What is content marketing?

Content marketing is a strategy and business process that uses valuable and relevant digital assets like text, images, and video to attract and retain a clearly defined audience. It’s a type of inbound marketing strategy that delivers value to a business’s audience through entertaining, educational, or informative content.

Content marketing comes in four basic forms — written, audio, video, and image. Most businesses use several forms of content to engage with their audiences across platforms like social media, websites, and ads.

This form of marketing puts the customer at the heart of a brand’s messaging. Rather than spamming customers with advertising-laden messaging, content marketing provides them with valuable content and engages them throughout the customer journey.

Why is content marketing important?

The world is transitioning to a point where customers are tired of being fed advertisements.
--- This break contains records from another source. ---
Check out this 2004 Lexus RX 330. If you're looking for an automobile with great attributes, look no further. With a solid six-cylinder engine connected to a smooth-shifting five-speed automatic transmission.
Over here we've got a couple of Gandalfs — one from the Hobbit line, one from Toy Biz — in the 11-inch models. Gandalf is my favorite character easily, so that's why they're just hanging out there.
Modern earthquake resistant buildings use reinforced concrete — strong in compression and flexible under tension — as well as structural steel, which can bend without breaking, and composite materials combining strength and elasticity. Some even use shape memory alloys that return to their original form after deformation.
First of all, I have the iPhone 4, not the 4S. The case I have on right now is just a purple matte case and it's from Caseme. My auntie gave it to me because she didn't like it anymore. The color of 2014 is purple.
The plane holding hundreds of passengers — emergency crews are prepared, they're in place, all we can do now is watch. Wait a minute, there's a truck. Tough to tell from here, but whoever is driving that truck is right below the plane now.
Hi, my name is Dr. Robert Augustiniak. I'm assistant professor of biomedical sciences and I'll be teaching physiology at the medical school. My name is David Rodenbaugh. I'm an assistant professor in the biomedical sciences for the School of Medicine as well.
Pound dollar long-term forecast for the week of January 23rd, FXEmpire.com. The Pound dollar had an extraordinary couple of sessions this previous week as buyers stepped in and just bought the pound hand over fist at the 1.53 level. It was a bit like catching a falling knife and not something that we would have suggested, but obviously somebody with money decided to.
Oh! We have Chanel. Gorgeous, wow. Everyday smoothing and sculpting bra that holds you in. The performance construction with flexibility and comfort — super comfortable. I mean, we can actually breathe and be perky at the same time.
Consumers are inundated with information to the point where it all becomes noise. Content marketing helps businesses overcome the noise by subtly promoting their offerings through helpful, high-quality content.
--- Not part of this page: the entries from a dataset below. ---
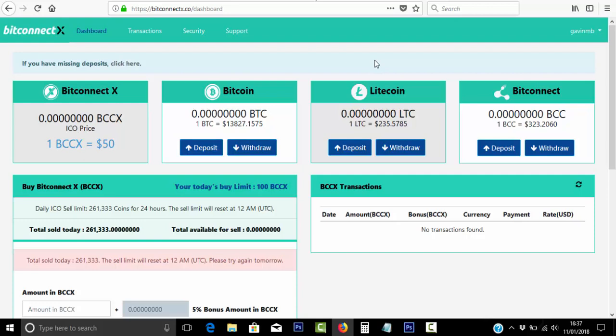BitConnect X is a new crypto that's gone live. You can now buy BitConnect X as well as Bitcoin, Litecoin, and BitConnect coin. Massive news though — I've spoken to quite a few people in the US and they're saying you cannot buy the BitConnect X ICO right now. So whether that changes in the future, I do not know.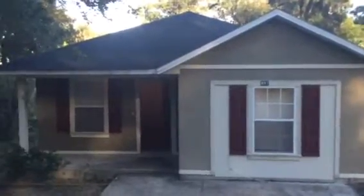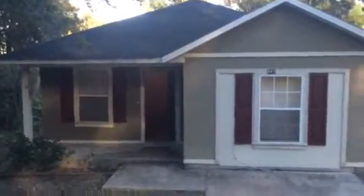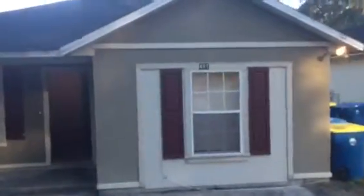Hey, it's John with JWB, and I'm in front of 481 Nitrum Avenue in the Arlington area of Jacksonville for a final walkthrough. We have completed all the work on this property turn, and this home is ready for rent once again.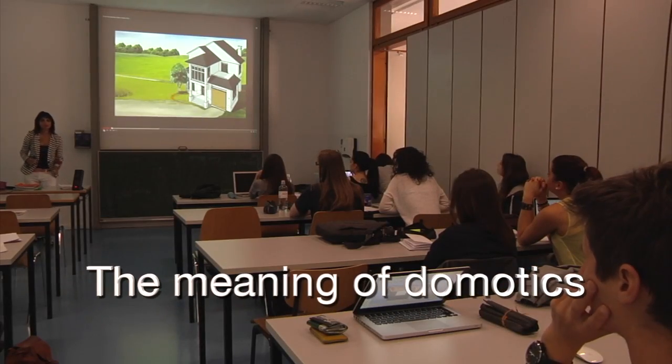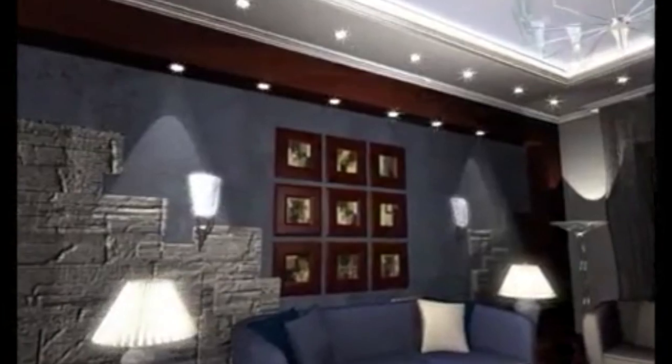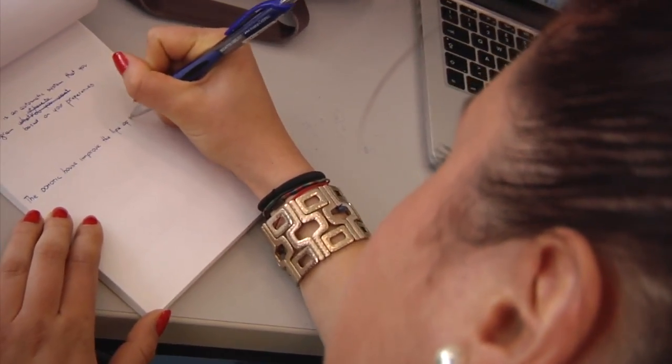So now we're going to watch a small clip and you're going to come up with a definition of what domotics is. Let's see if they know what it means now. I'd like you to come up with one sentence.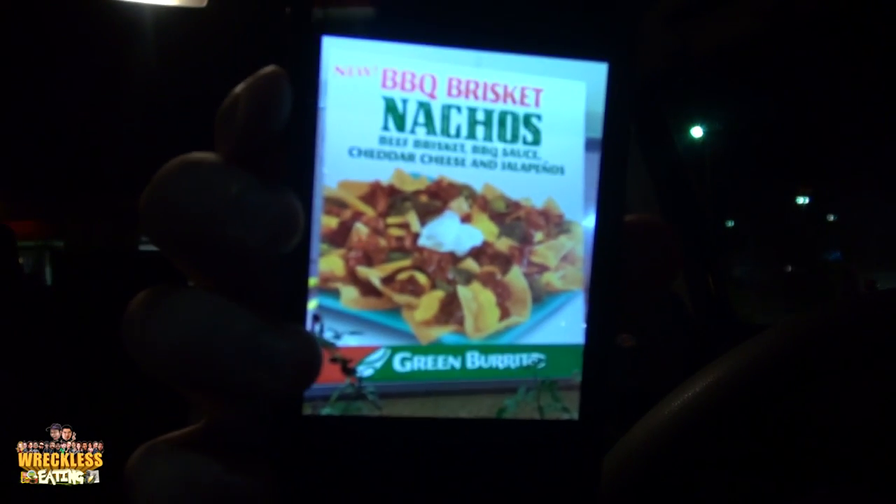They're probably owned by the same company — it's Hardee's/Carl's Jr. This is the barbecue brisket nachos: beef brisket, barbecue sauce, cheddar cheese, and jalapeños. Looks really good from the picture — let's see if it holds up in person.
Content marketing puts the customer at the heart of a brand’s messaging. Rather than spamming customers with advertising-laden messaging, it provides them with valuable content and engages them throughout the customer journey.

How content marketing works?

Once you’ve decided on the types of content marketing your business will create, it’s time to build a content marketing strategy. The purpose of content marketing is to deepen relationships and solve problems, so every content marketing strategy should address the three stages of content marketing.

1. Awareness

The awareness stage is the first step of every customer journey. This is when customers become aware of an issue or a problem they have. At this stage, content marketing should focus on customer needs and pain points without overly promoting your solutions or products. The best types of content for the awareness stage include blogs answering common questions with an FAQ, informative how-to videos, or high-level eBooks.

2. Consideration

In the consideration stage, your audience knows they have a problem and begins looking for solutions to their problem. Businesses should still deliver value with their content marketing at this stage, but they can now add a few well-placed promotions within the content. The best types of content for this stage include helpful infographics and how-to blogs.

3. Decision

In the decision stage, your audience decides whether they’re going to choose your solution or not. This is the stage when your content marketing should lean more heavily into sales-related content. Content like comparison lists, customer testimonials, product demo videos, and buyer guides do well at this stage. Businesses can also use retargeted paid ads to bring lost leads back into the fold.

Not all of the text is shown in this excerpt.